Denial of the petition for a writ of prohibition notwithstanding, it is not clear from the record that Rahr had an adequate opportunity to fully present its case for closure of the trial at the hearing on the motion in limine. Nothing in the transcript of the hearing indicates it was closed to the public. Rahr may have been inhibited in its presentation of evidence by the public nature of that hearing. In the past, we have encouraged trial courts to hold in camera hearings to weigh the competing interests at stake in disclosure of confidential information. See, e.g., State v. Turner, 550 N.W.2d 622, 629 (Minn. 1996) (authorizing in camera hearing to evaluate whether newspaper reporter should be compelled to disclose unpublished information regarding a crime); Erickson v. MacArthur, 414 N.W.2d 406, 409 (Minn. 1987) (remanding for in camera review of requested discovery in order to balance competing interests at stake); State v. Paradee, 403 N.W.2d 640, 642 (Minn. 1987) (requiring that court review welfare department records in camera in child sex abuse case); Syrovatka v. State, 278 N.W.2d 558, 562 (Minn. 1979) (remanding for in camera hearing to determine if confidential informant’s testimony was necessary for a fair trial). Indeed, the Trade Secrets Act specifically provides for in camera hearings to determine whether particular information qualifies as a trade secret. Minn. Stat. § 325C.05 (2000). When a party claims that a tax court hearing must be closed to protect trade secrets or other proprietary information, the court should hold a hearing in camerato determine if the information meets the definition of a trade secret or otherwise merits protection. Use of this procedure will enable a party to explain in sufficient detail the nature of the information it seeks to protect and the consequences of disclosure.
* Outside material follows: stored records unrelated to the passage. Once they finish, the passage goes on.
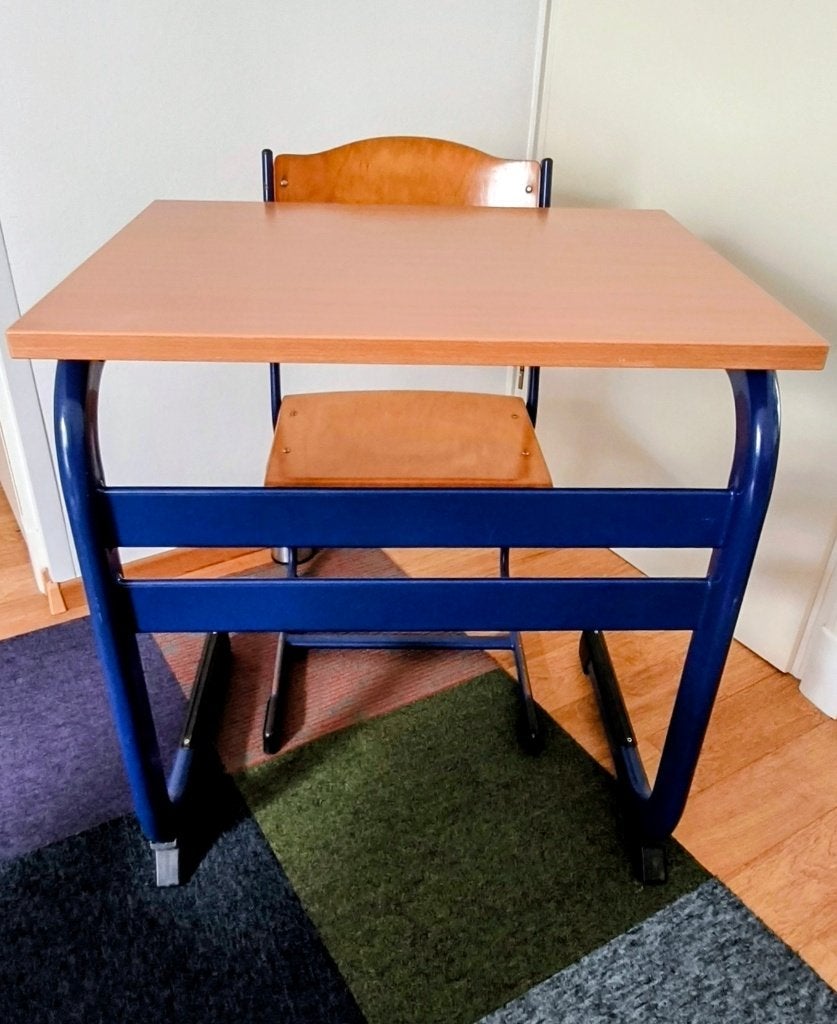 Schoolbank (tafel en stoel), Antiek en Kunst, Antiek | Meubels | Stoelen en Banken, Ophalen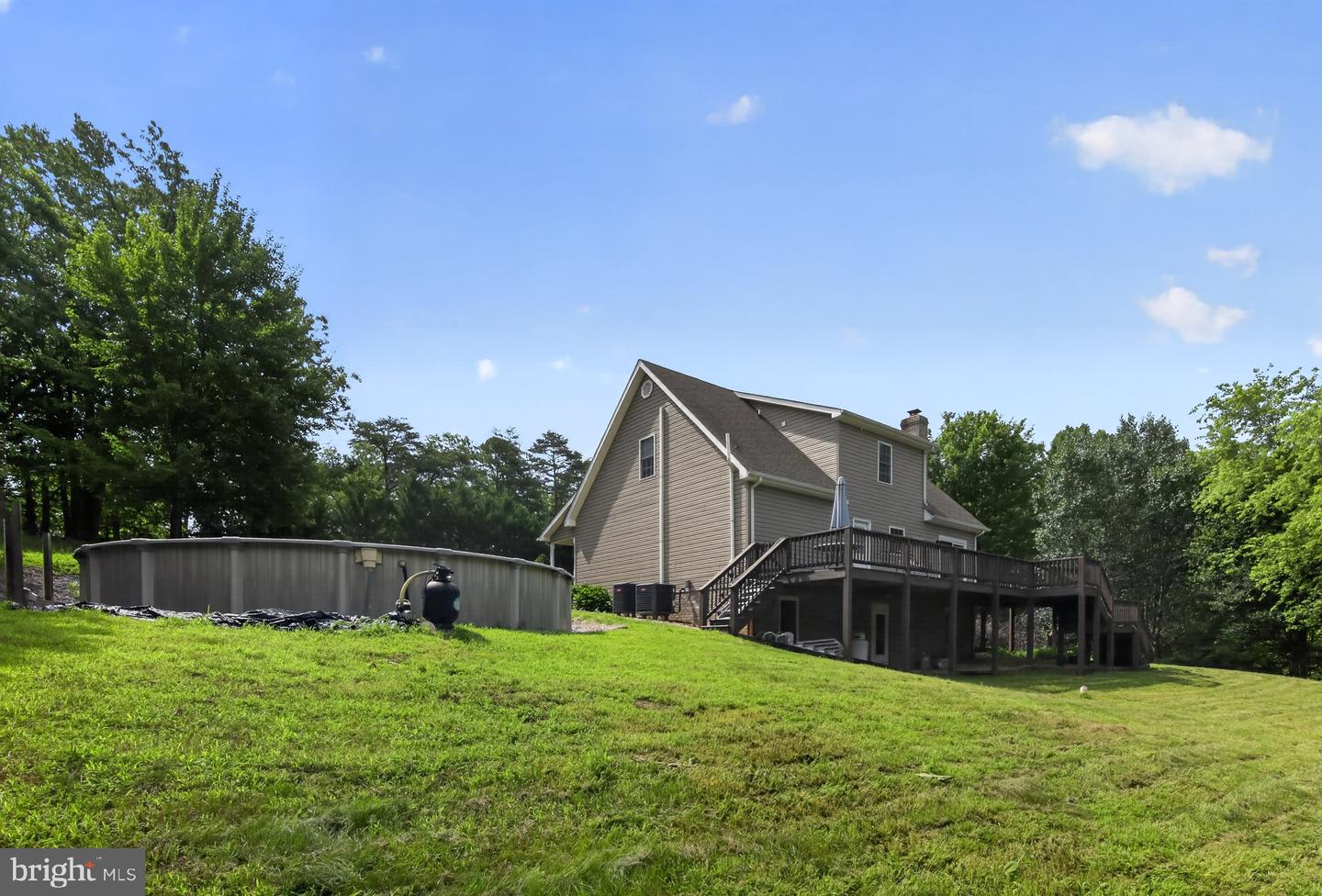 20200 Old Mill Rd Property Photo 4
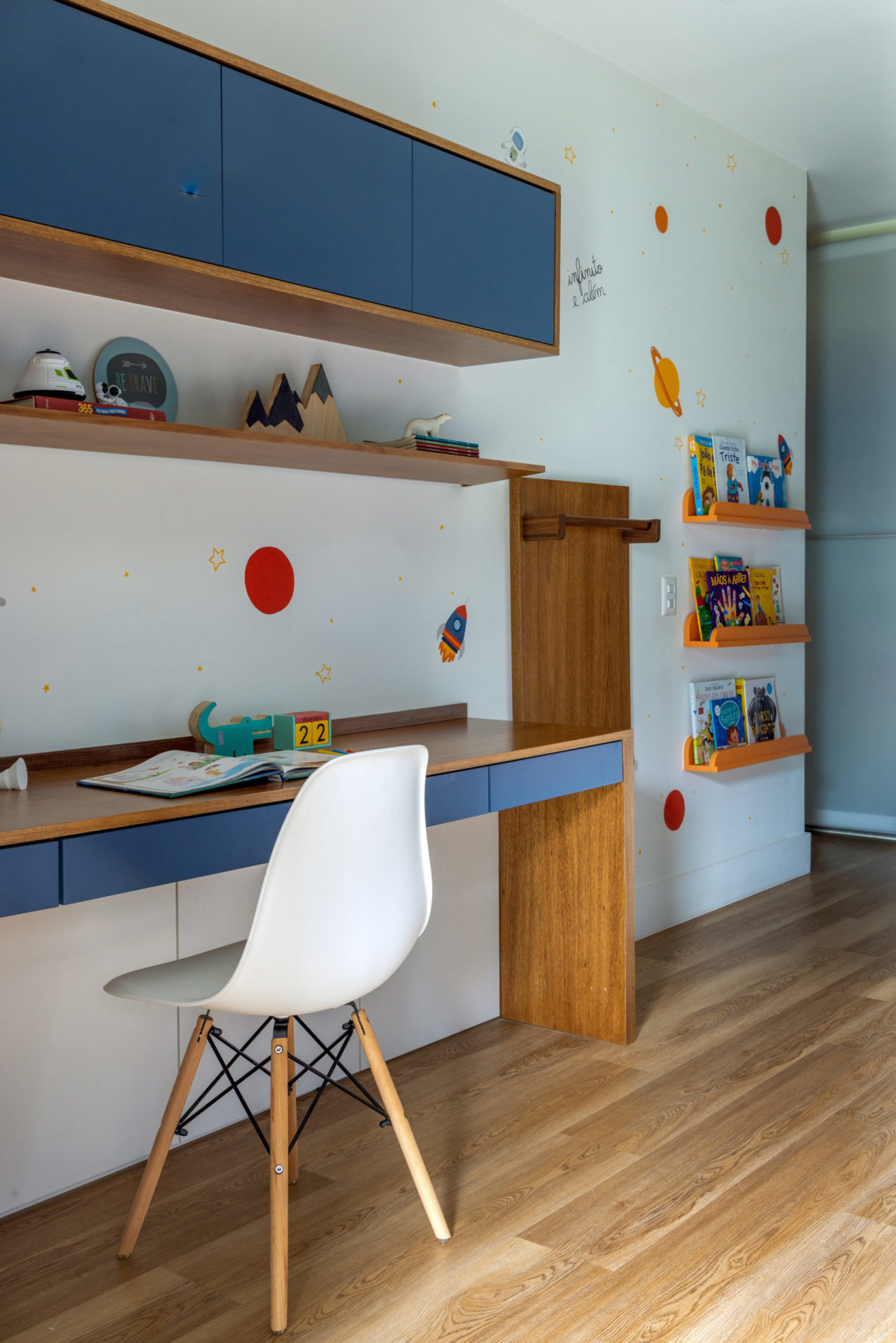 na foto quarto infantil com mesa de estudo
We agree with the tax court that Rahr has not presented facts that outweigh the strong presumption in favor of a public trial. However, because it is not clear from the record whether Rahr had an adequate opportunity to present facts in support of its motion in limine, we remand for further proceedings consistent with this opinion.
Petition denied, remanded for further proceedings.
BLATZ, C.J., took no part in the consideration or decision of this case.
 The income approach, market comparison approach, and cost approach are the three traditional methods to determining the market value of real estate. Am. Express Fin. Advisors, Inc. v. County of Carver, 573 N.W.2d 651, 657 (Minn. 1998). Appraisers must consider all relevant factors to valuation and, whenever possible, should use at least two approaches to determine market value. Equitable Life Assurance Soc’y of the United States v. County of Ramsey, 530 N.W.2d 544, 553-54 (Minn. 1995).
 Because we hold that the tax court’s action was not unauthorized by law, we need not determine whether the tax court’s exercise of power will result in an injury to Rahr for which there is no adequate remedy. See Schumacher, 392 N.W.2d at 208.